(GIVEN DATA)
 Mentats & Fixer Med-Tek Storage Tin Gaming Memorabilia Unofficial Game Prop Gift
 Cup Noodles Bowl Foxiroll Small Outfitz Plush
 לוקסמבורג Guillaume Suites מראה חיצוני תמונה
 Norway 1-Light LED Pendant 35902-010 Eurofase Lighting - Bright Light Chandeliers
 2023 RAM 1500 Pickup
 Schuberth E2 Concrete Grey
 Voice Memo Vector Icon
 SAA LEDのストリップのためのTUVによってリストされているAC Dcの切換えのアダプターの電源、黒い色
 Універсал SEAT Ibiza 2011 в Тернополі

---

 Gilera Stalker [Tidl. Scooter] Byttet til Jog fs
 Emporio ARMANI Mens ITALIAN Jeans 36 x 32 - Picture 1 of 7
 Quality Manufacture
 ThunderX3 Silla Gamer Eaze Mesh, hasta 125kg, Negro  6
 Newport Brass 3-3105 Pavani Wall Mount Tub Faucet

...

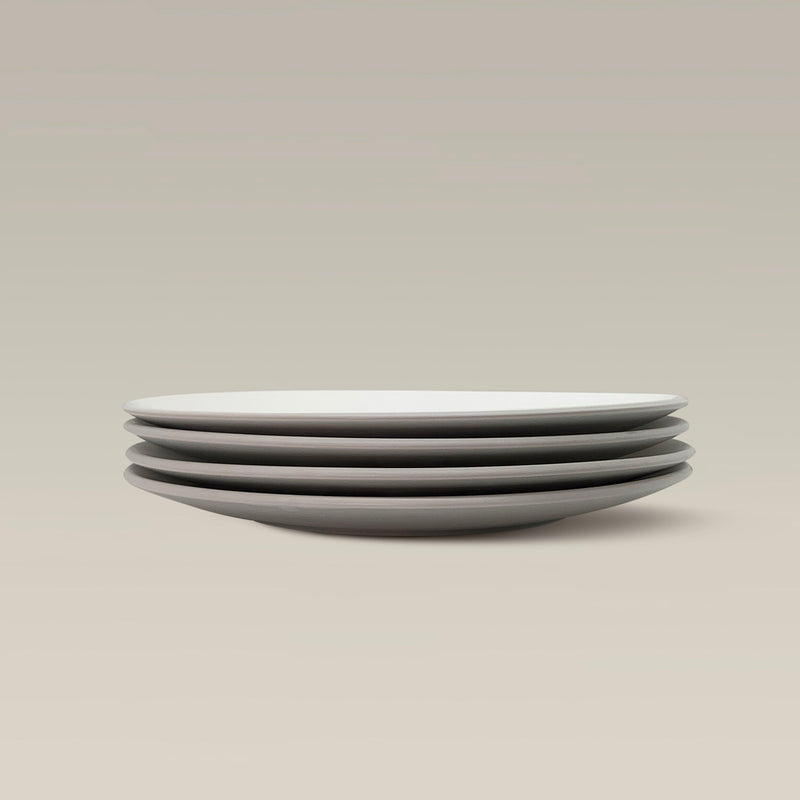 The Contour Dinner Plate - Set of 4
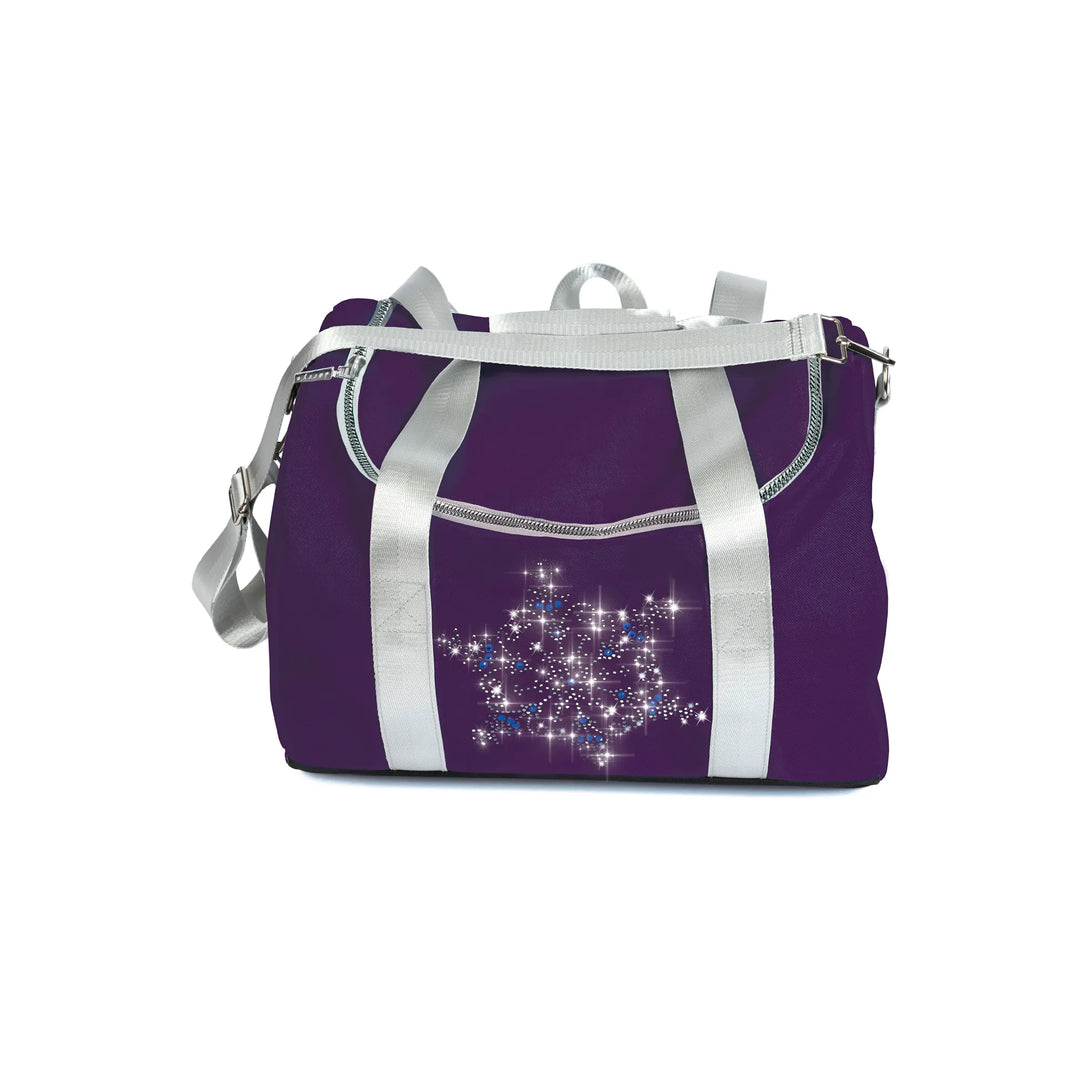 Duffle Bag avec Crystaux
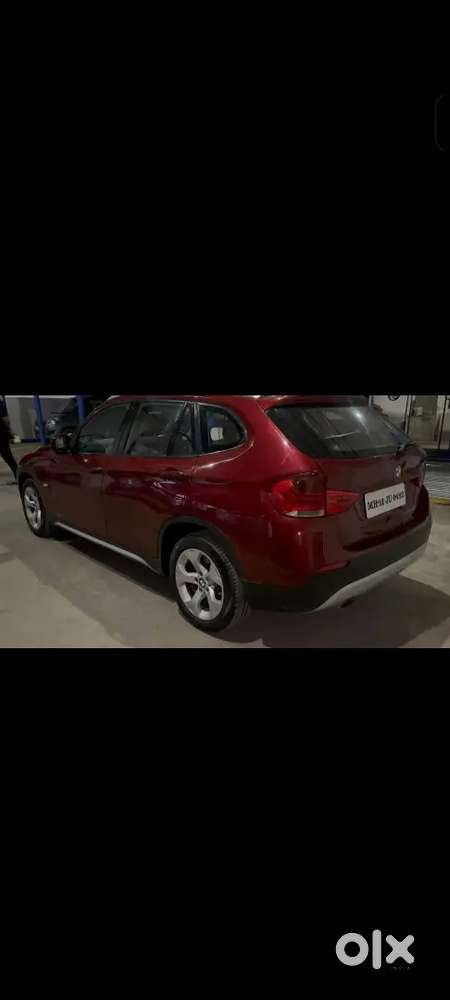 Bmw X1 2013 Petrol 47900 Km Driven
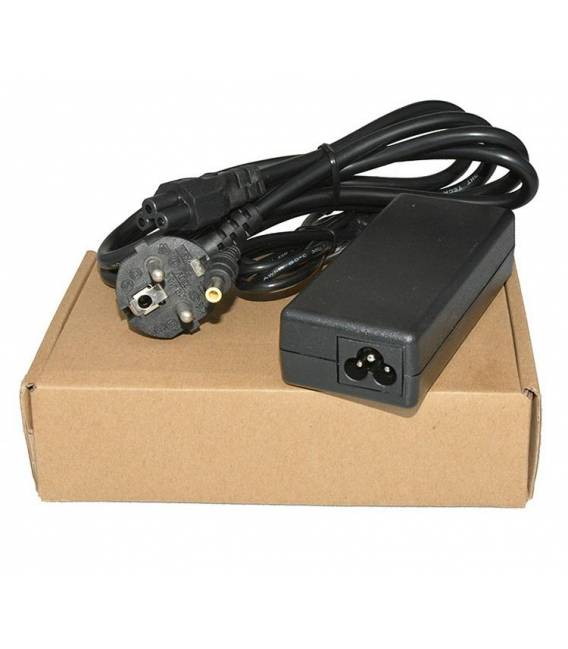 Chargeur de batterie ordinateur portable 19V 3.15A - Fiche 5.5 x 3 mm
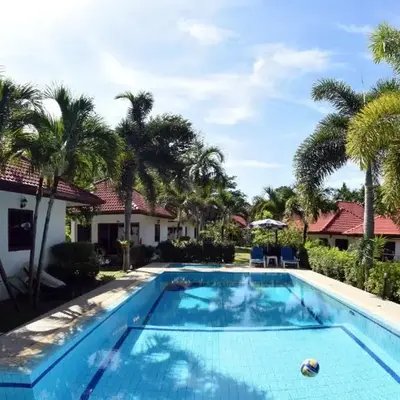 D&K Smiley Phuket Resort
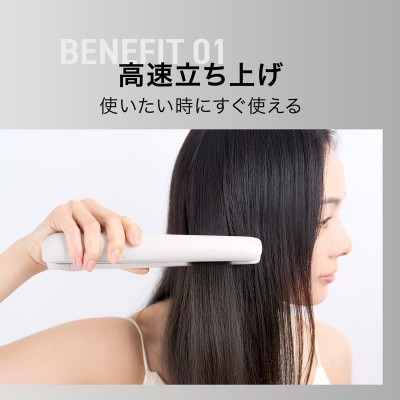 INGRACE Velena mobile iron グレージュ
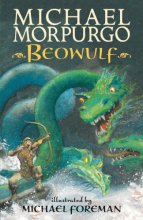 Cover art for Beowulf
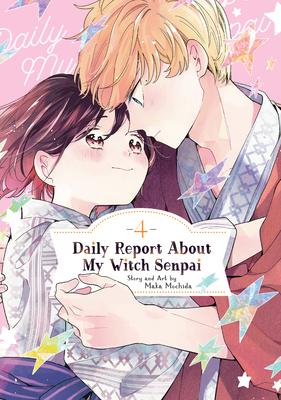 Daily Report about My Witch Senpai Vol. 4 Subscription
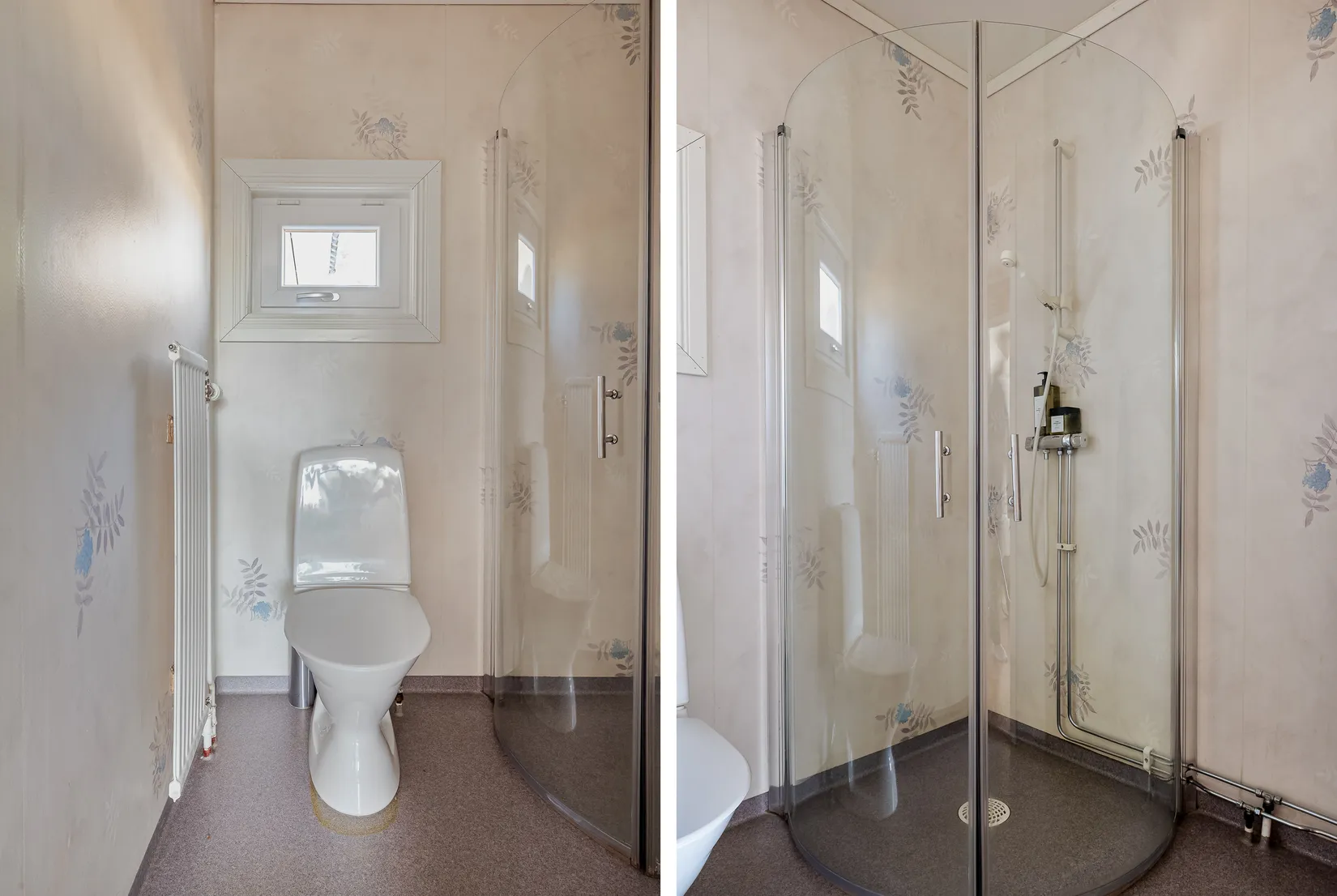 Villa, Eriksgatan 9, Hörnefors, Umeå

(WHAT IS BEING ASKED) Those lines of the records above that run from the one containing "The Contour Dinner Plate - Set of 4" through the one containing "Villa, Eriksgatan 9, Hörnefors, Umeå" should be returned exactly, with no pictures among them.

(SOLUTION TO THE PROBLEM)
 The Contour Dinner Plate - Set of 4
 Duffle Bag avec Crystaux
 Bmw X1 2013 Petrol 47900 Km Driven
 Chargeur de batterie ordinateur portable 19V 3.15A - Fiche 5.5 x 3 mm
 D&K Smiley Phuket Resort
 INGRACE Velena mobile iron グレージュ
 Cover art for Beowulf
 Daily Report about My Witch Senpai Vol. 4 Subscription
 Villa, Eriksgatan 9, Hörnefors, Umeå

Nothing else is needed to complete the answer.